## Instructions for the task
Below are some records; copy them word for word and drop the pictures.

########################################

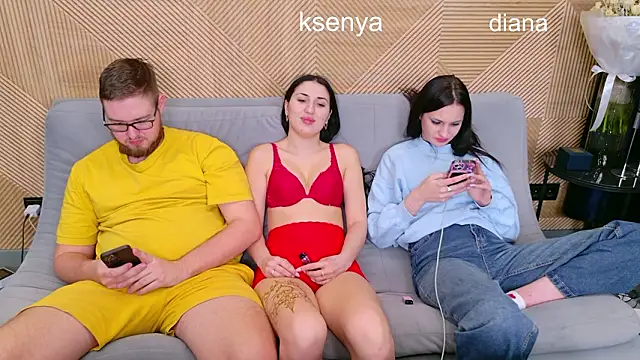 Snapshot of Ksenny chatting on February 16, 2026, 5:20 pm Ksenny online show from February 16, 2026, 5:20 pm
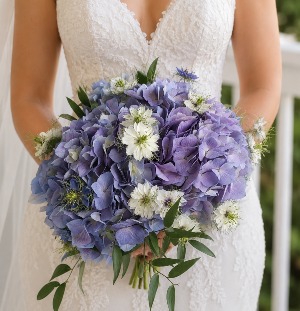 MAVRA BRIDAL BOUQUET WEDDING BOUQUET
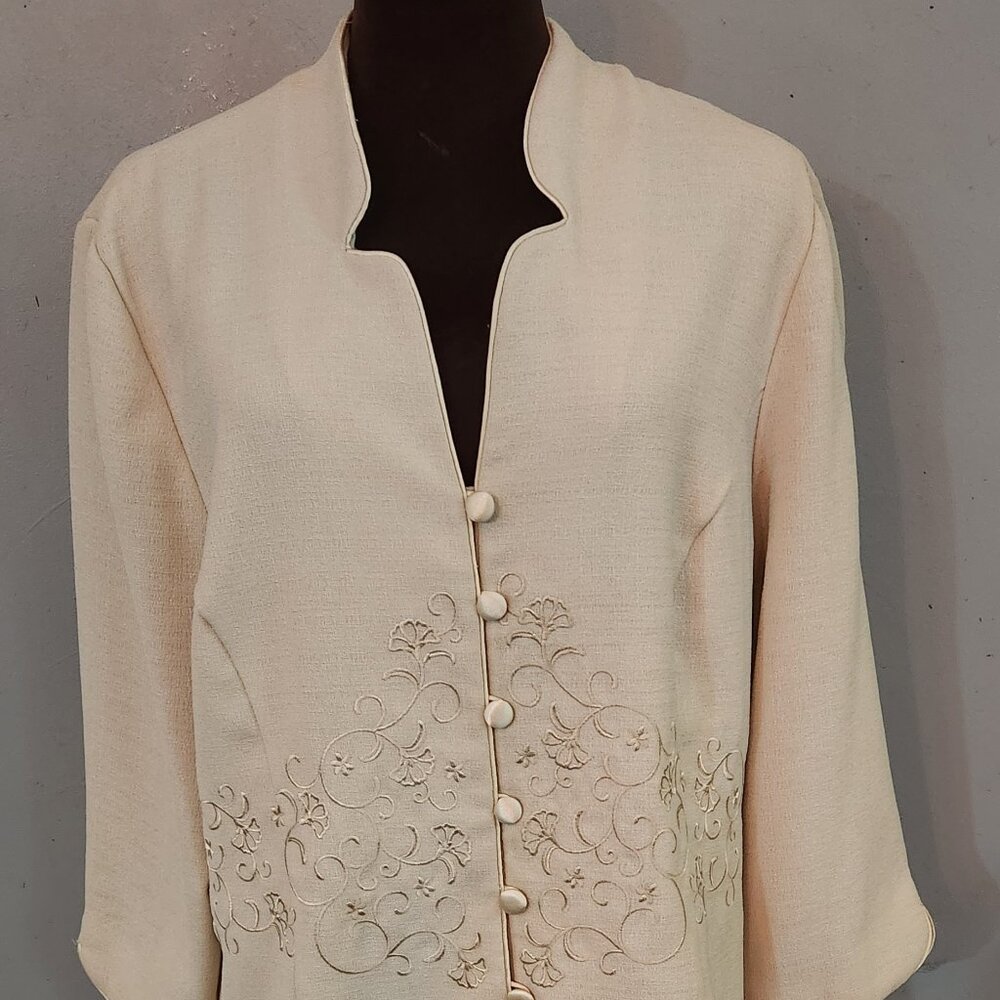 Ivory and Navy Embroidered 2 Pc Suite, Gently used, Dressy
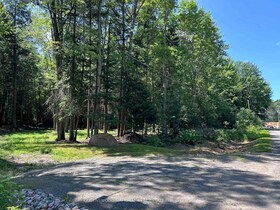 63 Annie Mayhew Road, Renfrew, ON , MLS #X12123328 , Image - 1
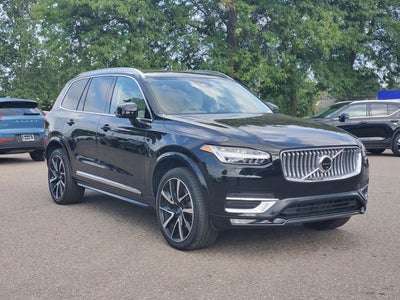 2023 Volvo XC90 B5 Plus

########################################

## Answer
 Snapshot of Ksenny chatting on February 16, 2026, 5:20 pm Ksenny online show from February 16, 2026, 5:20 pm
 MAVRA BRIDAL BOUQUET WEDDING BOUQUET
 Ivory and Navy Embroidered 2 Pc Suite, Gently used, Dressy
 63 Annie Mayhew Road, Renfrew, ON , MLS #X12123328 , Image - 1
 2023 Volvo XC90 B5 Plus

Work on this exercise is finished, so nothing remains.